TASK TO CARRY OUT: For this task, output exactly the lines of the material below starting at the line with "Limpa Estofamentos 500ml" and ending at the line with "More than 500"; pictures are to be excluded.

MATERIAL SHOWN:
%%

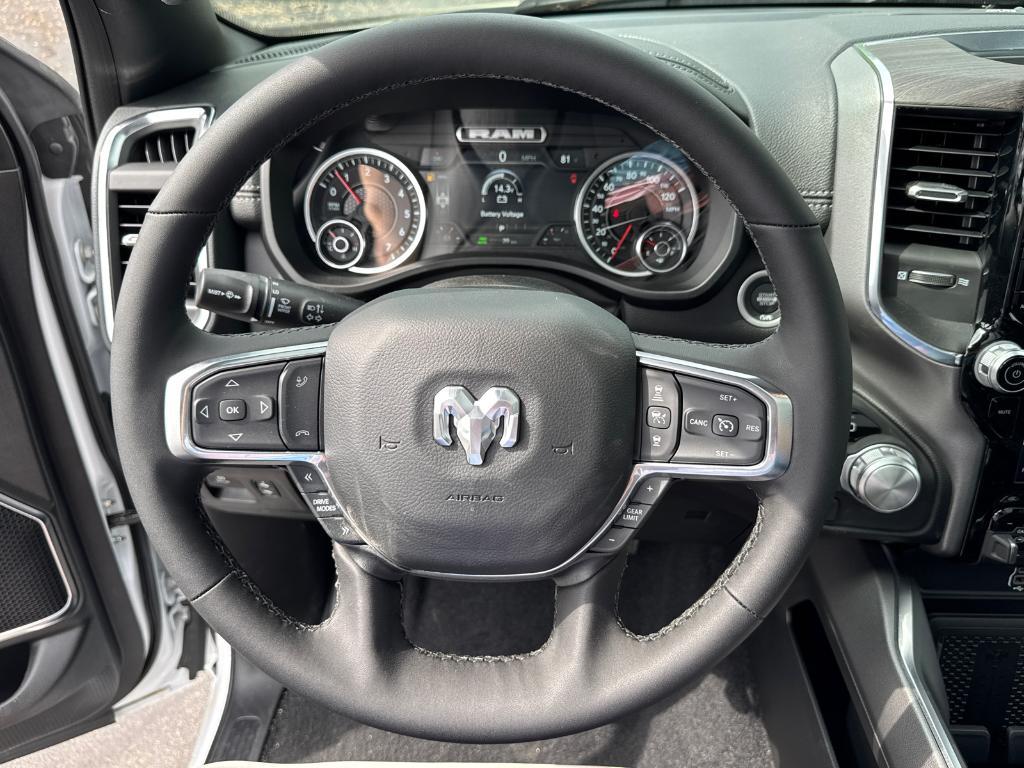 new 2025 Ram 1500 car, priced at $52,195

%%
%%

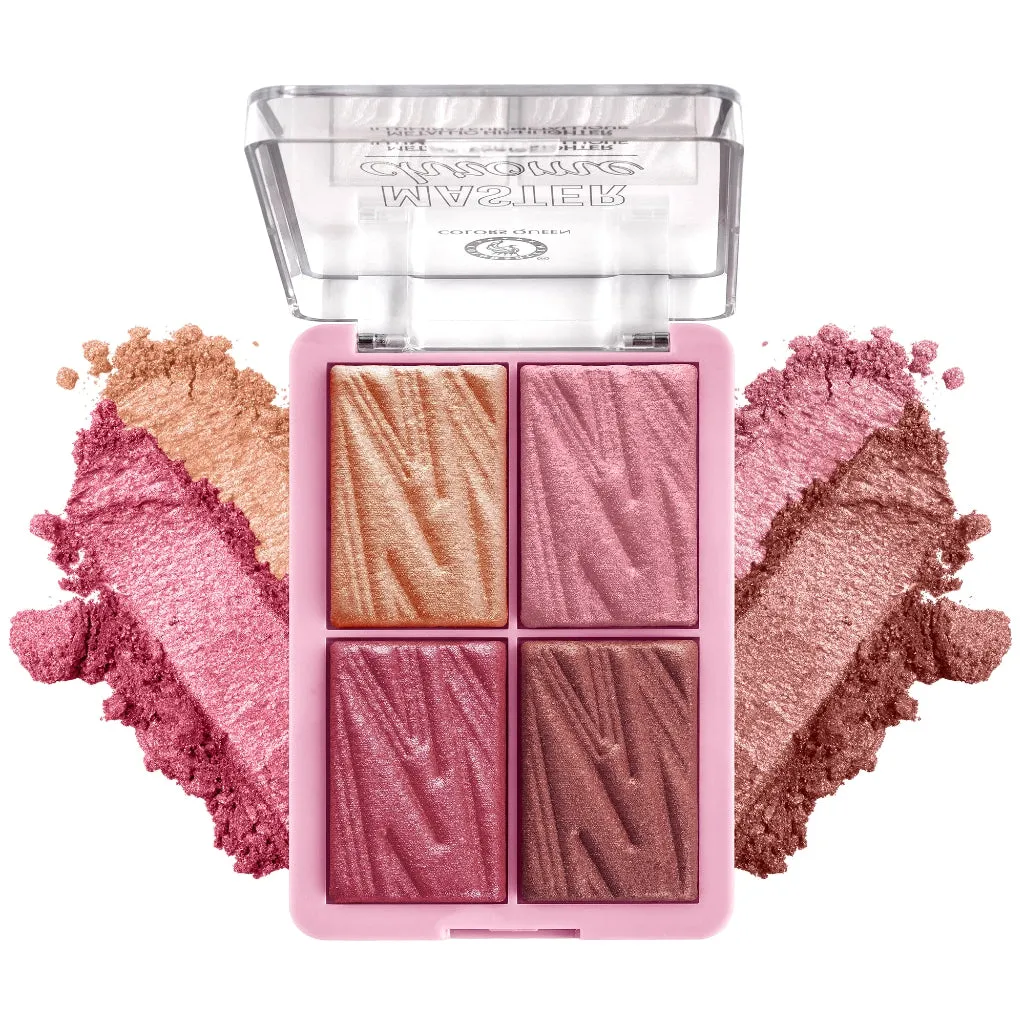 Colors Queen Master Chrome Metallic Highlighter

%%
%%

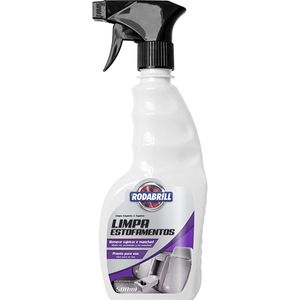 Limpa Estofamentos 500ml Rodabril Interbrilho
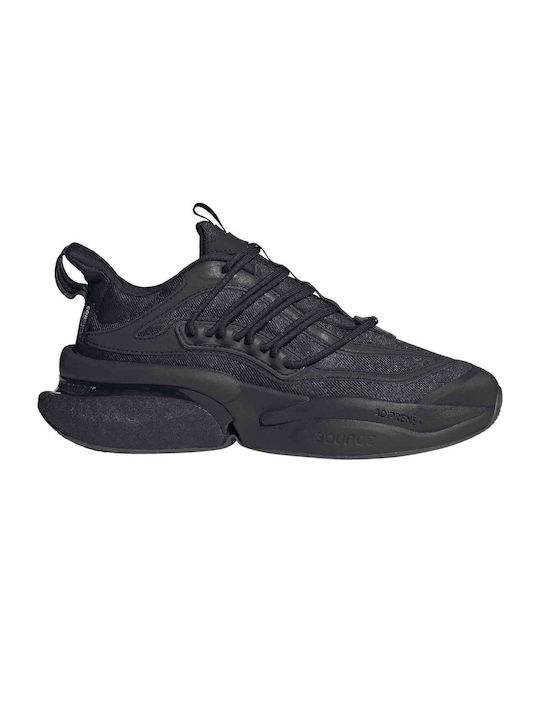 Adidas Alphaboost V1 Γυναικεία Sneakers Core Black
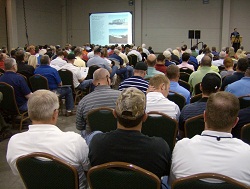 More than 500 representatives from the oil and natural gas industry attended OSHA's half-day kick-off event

%%

RESPONSE BOX:
 Limpa Estofamentos 500ml Rodabril Interbrilho
 Adidas Alphaboost V1 Γυναικεία Sneakers Core Black
 More than 500 representatives from the oil and natural gas industry attended OSHA's half-day kick-off event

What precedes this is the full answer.